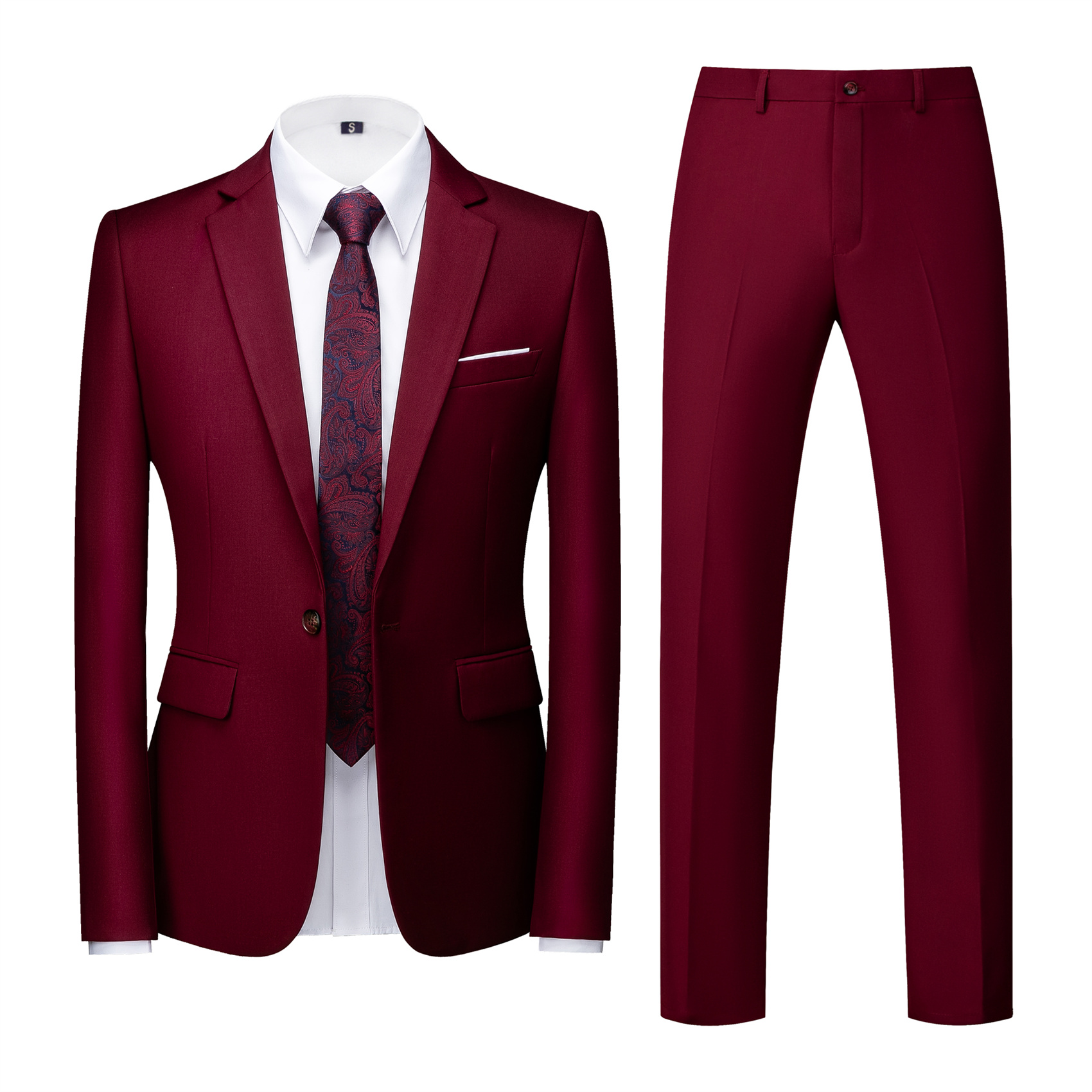 2 Piece Suit for Men, Burgundy, Slim Fit (1 Button)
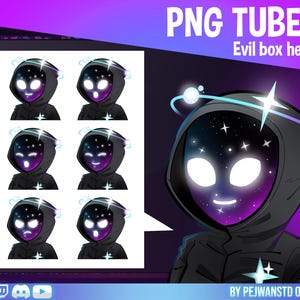 Puede incluir: Ilustración digital de un personaje con una cara con temática de galaxia y una chaqueta con capucha negra. La imagen muestra varias expresiones del personaje, con el texto "PNG TUBER Evil box head" en la parte superior. El fondo es un degradado de morado y negro.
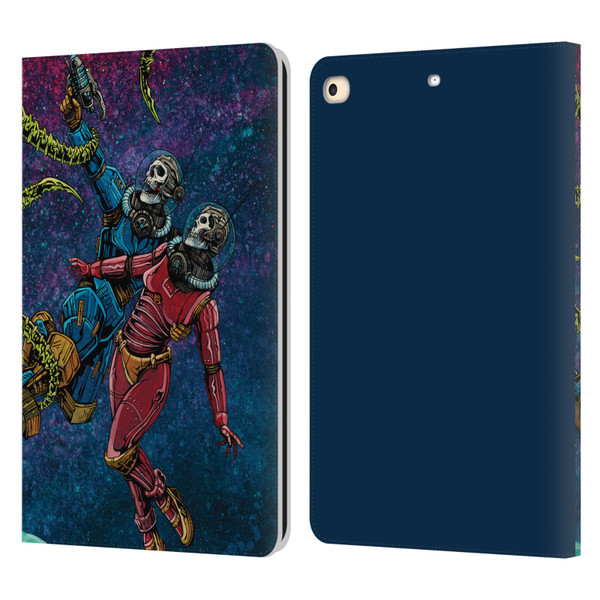 David Lozeau Colourful Grunge Astronaut Space Couple Love Leather Book Wallet Case Cover For Apple iPad 9.7 2017 / iPad 9.7 2018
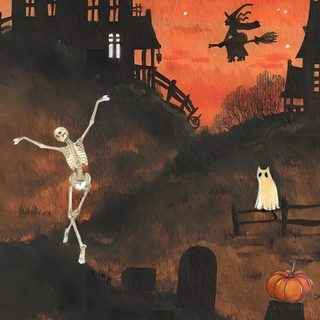 a painting of a skeleton dancing in front of a graveyard with bats and pumpkins Nostalgic Halloween Iphone Spooky Woods, Photowall Ideas, Vintage Halloween Cards, dark slate gray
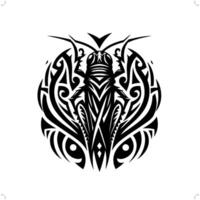 Grasshopper in modern tribal tattoo, abstract line art of animals, minimalist contour. vector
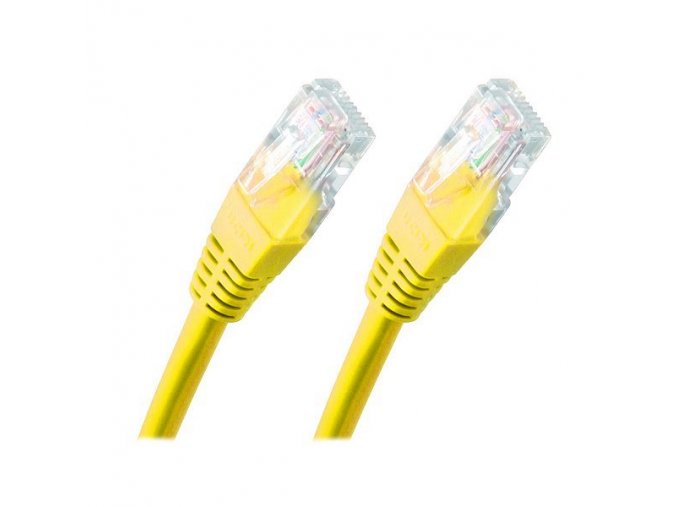 Síťový kabel, UTP - 0,25 m, žlutý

※

Task details => Only the lines from the one containing "David Lozeau Colourful" through the last line of the records above should be repeated, exactly and without pictures.

Expected answer =>
 David Lozeau Colourful Grunge Astronaut Space Couple Love Leather Book Wallet Case Cover For Apple iPad 9.7 2017 / iPad 9.7 2018
 a painting of a skeleton dancing in front of a graveyard with bats and pumpkins Nostalgic Halloween Iphone Spooky Woods, Photowall Ideas, Vintage Halloween Cards, dark slate gray
 Grasshopper in modern tribal tattoo, abstract line art of animals, minimalist contour. vector
 Síťový kabel, UTP - 0,25 m, žlutý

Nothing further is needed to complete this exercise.